I have a number $W\in\mathbb{R}$ and a vector $w=\left[w_1,\dots,w_n\right]^T\in\mathbb{R}^n$ such that each $w_i=i\cdot g$ where $g=const$. Usually $n\leq4$. The goal is to find a vector $c=\left[c_1,\dots,c_n\right]^T\in\mathbb{Z}^n$ such that
- $\sum_1^nc_iw_i$ is as close as possible to $W$ but doesn't exceed it
- $\sum_1^nc_i$ is $\min$
- smaller $w_i$ are avoided as much as possible
Example:
$$W=100$$ $$g=10, n=3\Rightarrow$$ $$w=\left[1\cdot 10, 2\cdot 10, 3\cdot 10\right]^T=\left[10,20,30\right]^T$$ For this setup the best solution would be NOT $$c=\left[1,0,3\right]^T$$ $$\left(1\cdot10+0\cdot20+3\cdot30=100\right)$$ but rather $$c=\left[0,2,2\right]^T$$ $$\left(0\cdot10+2\cdot20+3\cdot30=100\right)$$
Once again, $W,w_i,g$ are real numbers, $c_i$ must be integers.

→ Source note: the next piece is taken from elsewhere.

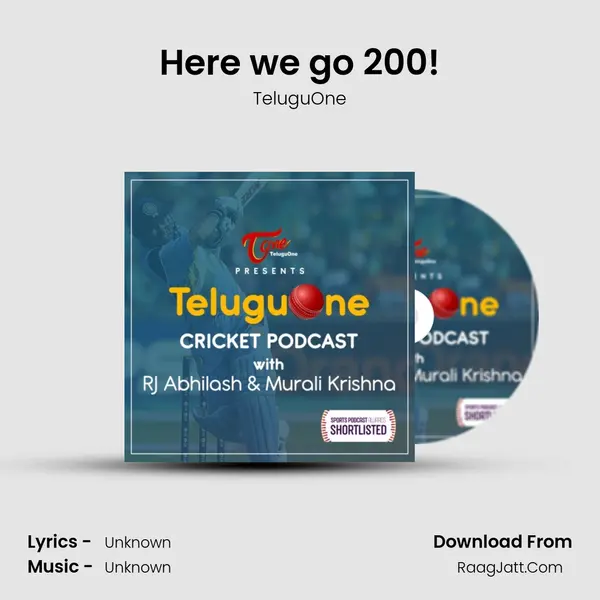 Here we go 200! MP3 Song by TeluguOne Cover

After some time of mental work, I'm stuck (I'm not a mathematician) in
- what type of problem it is? integer linear programming?
- point 1 in the list above: is the condition $\sum_1^nc_iw_i\leq W$ is enough to cover the as close as possible condition?
- point 3 in the list above: how to formulate this constraint? should I introduce value for each $w_i$ (like in the knapsack problem)?
- which programming package in python or R should I use
Thank you in advance!
Yes, this is integer linear programming, with multiple objectives. One way to handle multiple objectives is to blend them into a single objective, but it sounds like you have a ranking of importance. In that case, you would optimize the most important (primary) objective first: maximize $\sum_i c_i w_i$ subject to $\sum_i c_i w_i \le W$. Suppose this maximum is $z_1^*$. Then include an additional (objective cut) constraint $\sum_i c_i w_i \ge z_1^*$, and optimize the next (secondary) objective: minimize $\sum_i c_i$. Suppose this minimum is $z_2^*$. Then include a second (objective cut) constraint $\sum_i c_i \le z_2^*$, and optimize the third (tertiary) objective, which might be to minimize $\sum_i 2^{-i} c_i$.